YOUR OBJECTIVE: Please print every record exactly as it stands, leaving out the pictures.

Short descriptive text snippets:

════════

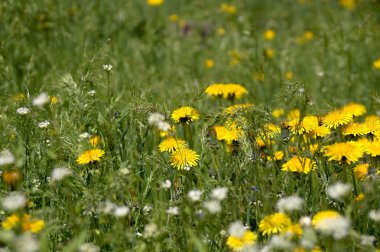 Dandelions çiçek çiçekler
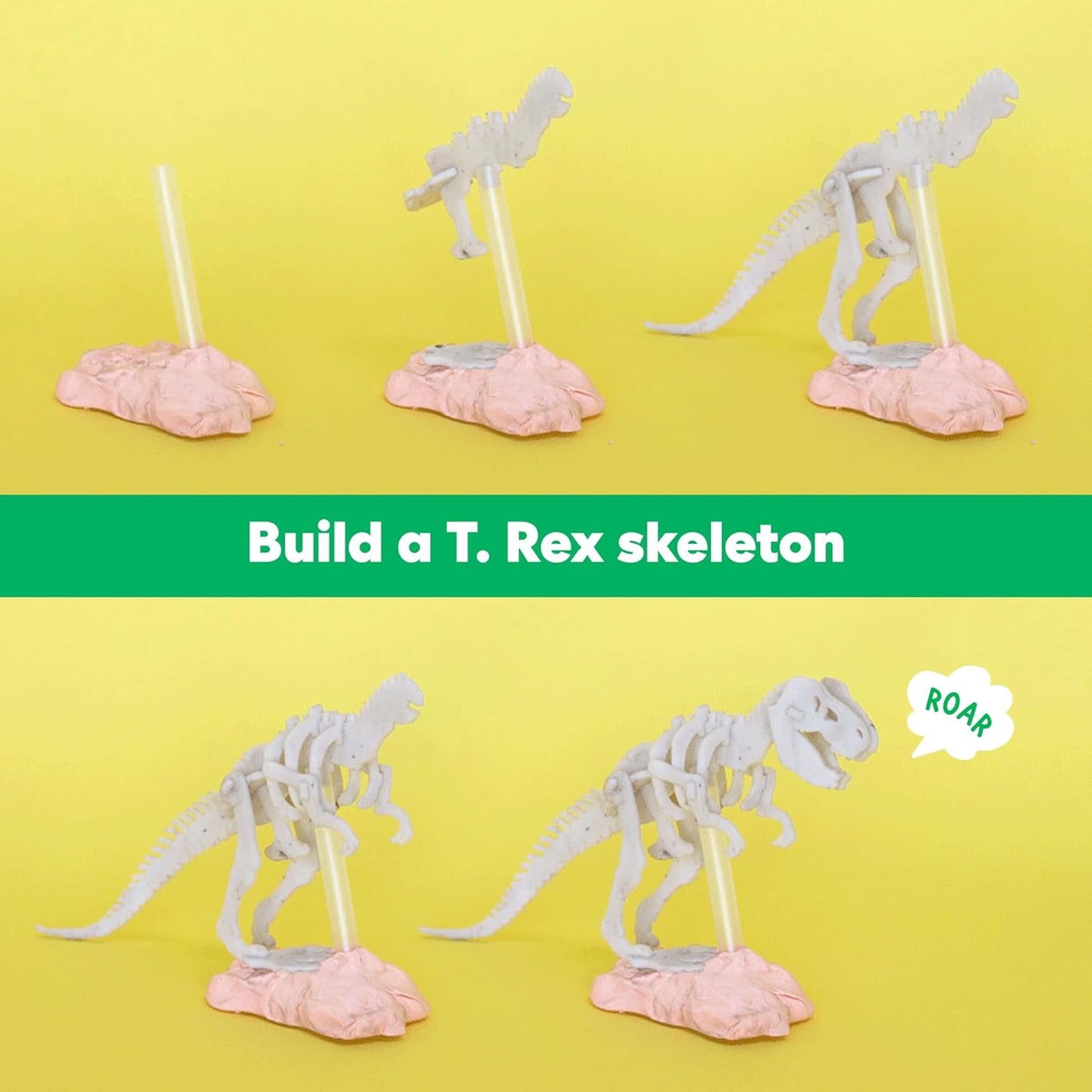 KiwiCo Dinosaur Fossil Dig Kit, STEM Paleontology Science Set for Kids Ages 6+, Excavate and Build Skeleton, Facts Poster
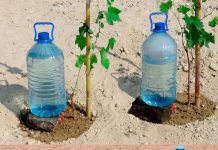 Methods for Free Plant Watering for a Month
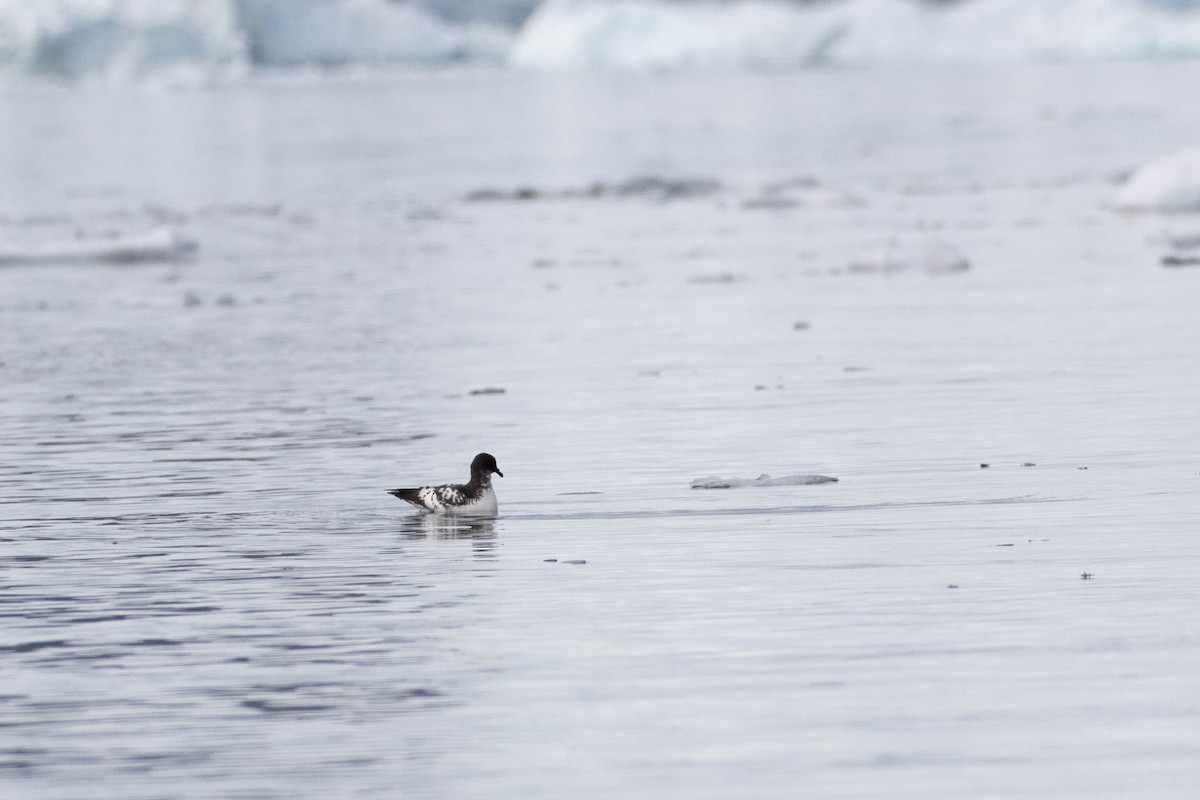 Cape Petrel - Denis Corbeil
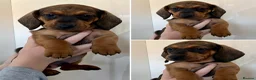 Dachshund dogs for sale: Standard Smooth Coat Dachshunds - Advert 18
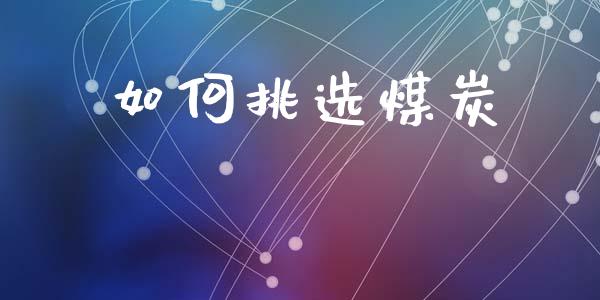 如何挑选煤炭_https://wap.yjjixie.cn_保险理财_第1张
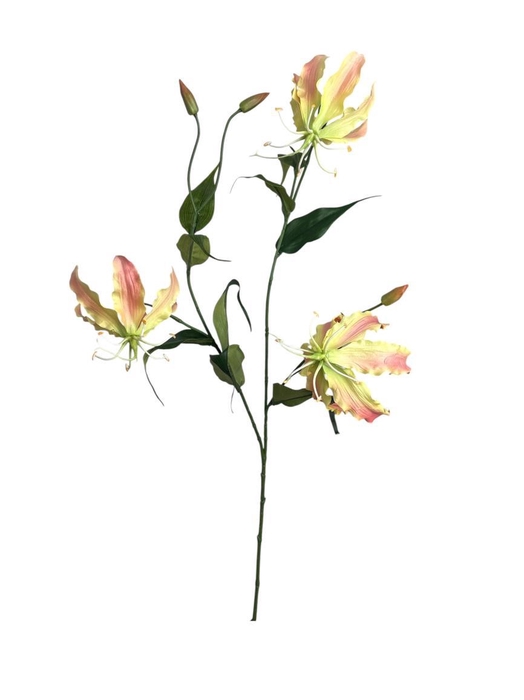 <h4>AF Gloriosa L92cm peach</h4>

════════

OUTPUT OF THE TASK:
 Dandelions çiçek çiçekler
 KiwiCo Dinosaur Fossil Dig Kit, STEM Paleontology Science Set for Kids Ages 6+, Excavate and Build Skeleton, Facts Poster
 Methods for Free Plant Watering for a Month
 Cape Petrel - Denis Corbeil
 Dachshund dogs for sale: Standard Smooth Coat Dachshunds - Advert 18
 如何挑选煤炭_https://wap.yjjixie.cn_保险理财_第1张
 <h4>AF Gloriosa L92cm peach</h4>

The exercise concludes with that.